▶ [EXERCISE]
Below are the records; give again exactly the line with "used 2019 Tesla", the line with "Ds Automobiles Ds", and each line that lies between them, and nothing besides.

=== Begin Enclosure ===

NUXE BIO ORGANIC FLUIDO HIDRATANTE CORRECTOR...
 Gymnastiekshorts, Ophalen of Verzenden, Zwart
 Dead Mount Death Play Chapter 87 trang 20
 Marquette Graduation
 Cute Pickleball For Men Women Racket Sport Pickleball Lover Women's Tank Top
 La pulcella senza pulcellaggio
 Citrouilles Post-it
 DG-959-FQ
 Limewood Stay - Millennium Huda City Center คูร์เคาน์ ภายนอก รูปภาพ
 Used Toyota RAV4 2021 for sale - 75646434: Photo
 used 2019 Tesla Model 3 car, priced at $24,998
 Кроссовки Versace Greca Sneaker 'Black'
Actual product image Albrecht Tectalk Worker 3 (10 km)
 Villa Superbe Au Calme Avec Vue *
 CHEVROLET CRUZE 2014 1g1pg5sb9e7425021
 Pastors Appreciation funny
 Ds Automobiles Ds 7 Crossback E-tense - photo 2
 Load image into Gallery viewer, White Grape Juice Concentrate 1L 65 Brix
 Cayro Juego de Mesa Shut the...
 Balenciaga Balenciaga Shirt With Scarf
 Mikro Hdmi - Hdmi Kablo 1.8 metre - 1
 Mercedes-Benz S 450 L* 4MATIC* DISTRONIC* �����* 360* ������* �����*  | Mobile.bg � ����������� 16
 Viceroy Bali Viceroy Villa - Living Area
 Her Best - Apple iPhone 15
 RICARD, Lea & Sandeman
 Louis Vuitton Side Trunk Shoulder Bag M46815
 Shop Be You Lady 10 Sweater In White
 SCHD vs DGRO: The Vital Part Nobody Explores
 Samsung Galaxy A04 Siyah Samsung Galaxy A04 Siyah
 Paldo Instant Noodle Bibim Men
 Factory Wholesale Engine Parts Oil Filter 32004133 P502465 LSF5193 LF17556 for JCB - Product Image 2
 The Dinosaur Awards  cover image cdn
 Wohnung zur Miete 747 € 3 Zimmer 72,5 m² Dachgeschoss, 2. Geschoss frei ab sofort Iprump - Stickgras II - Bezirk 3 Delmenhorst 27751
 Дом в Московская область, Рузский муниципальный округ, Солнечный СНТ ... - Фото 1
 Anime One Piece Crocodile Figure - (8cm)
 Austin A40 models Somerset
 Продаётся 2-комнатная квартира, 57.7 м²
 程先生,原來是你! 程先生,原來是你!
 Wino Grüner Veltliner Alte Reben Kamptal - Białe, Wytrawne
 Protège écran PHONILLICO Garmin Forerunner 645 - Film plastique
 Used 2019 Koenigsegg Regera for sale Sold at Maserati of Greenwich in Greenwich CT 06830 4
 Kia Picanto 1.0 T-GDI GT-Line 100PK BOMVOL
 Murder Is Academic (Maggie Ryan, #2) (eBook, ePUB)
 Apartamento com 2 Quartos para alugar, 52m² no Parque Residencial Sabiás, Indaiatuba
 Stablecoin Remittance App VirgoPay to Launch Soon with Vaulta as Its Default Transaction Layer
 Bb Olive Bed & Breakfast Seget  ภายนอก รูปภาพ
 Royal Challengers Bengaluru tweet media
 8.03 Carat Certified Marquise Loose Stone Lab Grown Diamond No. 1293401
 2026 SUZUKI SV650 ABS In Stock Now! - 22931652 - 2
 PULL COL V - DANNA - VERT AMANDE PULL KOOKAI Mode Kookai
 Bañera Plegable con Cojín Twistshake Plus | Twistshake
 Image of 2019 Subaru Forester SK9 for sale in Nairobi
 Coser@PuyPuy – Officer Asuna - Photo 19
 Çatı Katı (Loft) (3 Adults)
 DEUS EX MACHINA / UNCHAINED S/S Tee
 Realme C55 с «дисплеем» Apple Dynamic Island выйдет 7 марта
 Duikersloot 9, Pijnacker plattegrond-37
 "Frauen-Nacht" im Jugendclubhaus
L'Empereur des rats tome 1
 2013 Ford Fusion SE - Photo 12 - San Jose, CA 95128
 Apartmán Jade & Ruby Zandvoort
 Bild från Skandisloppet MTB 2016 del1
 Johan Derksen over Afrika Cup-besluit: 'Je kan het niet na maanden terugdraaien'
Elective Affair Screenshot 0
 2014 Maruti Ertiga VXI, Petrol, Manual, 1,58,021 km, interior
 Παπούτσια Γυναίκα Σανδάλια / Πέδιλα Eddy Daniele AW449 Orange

=== End Enclosure ===

▶ [RESPONSE AREA]
 used 2019 Tesla Model 3 car, priced at $24,998
 Кроссовки Versace Greca Sneaker 'Black'
Actual product image Albrecht Tectalk Worker 3 (10 km)
 Villa Superbe Au Calme Avec Vue *
 CHEVROLET CRUZE 2014 1g1pg5sb9e7425021
 Pastors Appreciation funny
 Ds Automobiles Ds 7 Crossback E-tense - photo 2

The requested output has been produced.